The data is distributed as a monolithic pool, suitable for user-defined splitting:

No enforced train/val/test partitions; developers commonly reserve 5–10% for validation, while the rest is used directly for model development and experimentation.
All source datasets are publicly available under their original licenses. UDG imposes no further proprietary constraints.

Models such as UniDG are trained and validated exclusively on UDG-supplied quadruplets; downstream model evaluation is performed on held-out external benchmarks (e.g., MVTec-AD, VisA).

6. Licensing, Accessibility, and Research Context

The composite UDG dataset is licensable under the terms of its source components, with public release (dataset and associated code) announced at [https://github.com/RetoFan233/UniDG]. Downstream usage is unrestricted beyond source licensing, facilitating broad academic and industrial experimentation (Fan et al., 10 Apr 2026).

The dataset’s conception directly addresses the limitations of few-shot and per-category trained anomaly/defect generation frameworks: small data, limited diversity, poor generalization, and inflexible category structure. By supporting both reference-based and text instruction-based defect editing, the resource enables universal generative models without bespoke category-specific pipelines.

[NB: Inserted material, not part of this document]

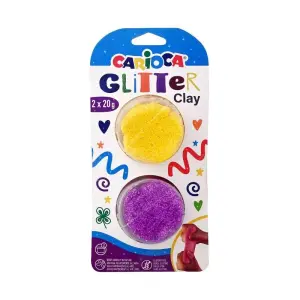 CARIOCA Glitter Бестящ моделин 2x20г Жълт-Лилав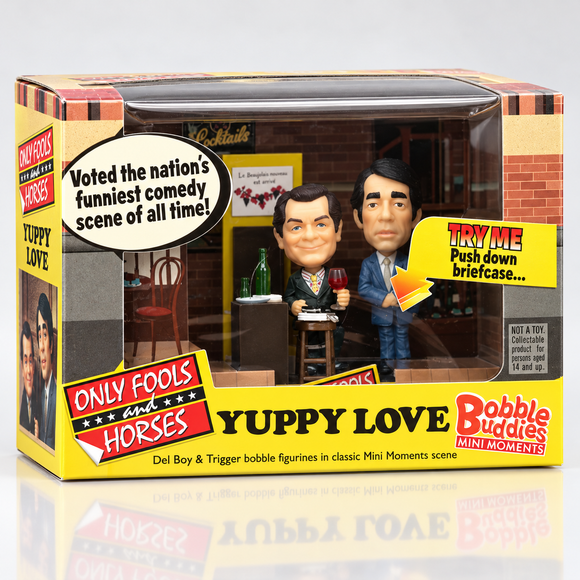  Only Fools and Horses collectible with Del Boy, Trigger, miniature bottles and glasses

Empirical results in (Fan et al., 10 Apr 2026) demonstrate state-of-the-art anomaly generation and detection/localization performance by training on the UDG dataset.

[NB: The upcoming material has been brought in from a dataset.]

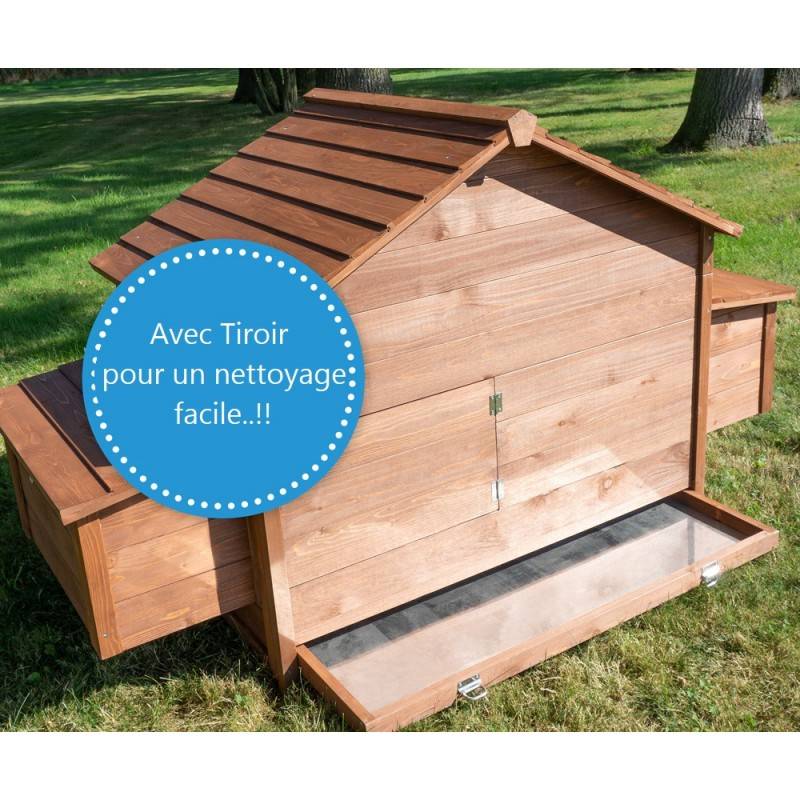 Poulailler en bois pour jardin extérieure cage canard équipé 2 nichoirs 185 x 84 x 112 cm Modèle 154 Ferme de terrain - Image 2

7. Relation to UDG Datasets in Astronomy

There is a parallel and entirely distinct literature for ultra-diffuse galaxies (“UDGs”) datasets in astrophysics. These resources pertain to catalogs of galaxies with low surface brightness and large effective radii, such as the Southern SMUDGes catalog (Zaritsky et al., 2022), the KiDS UDG catalog (Su et al., 17 Sep 2025), and HI-selected UDGs from WALLABY (O'Beirne et al., 22 Oct 2025). These should not be conflated with the machine vision UDG dataset. Each discipline employs its own definition, selection standards, and catalog structures, which are independent except for acronymic overlap.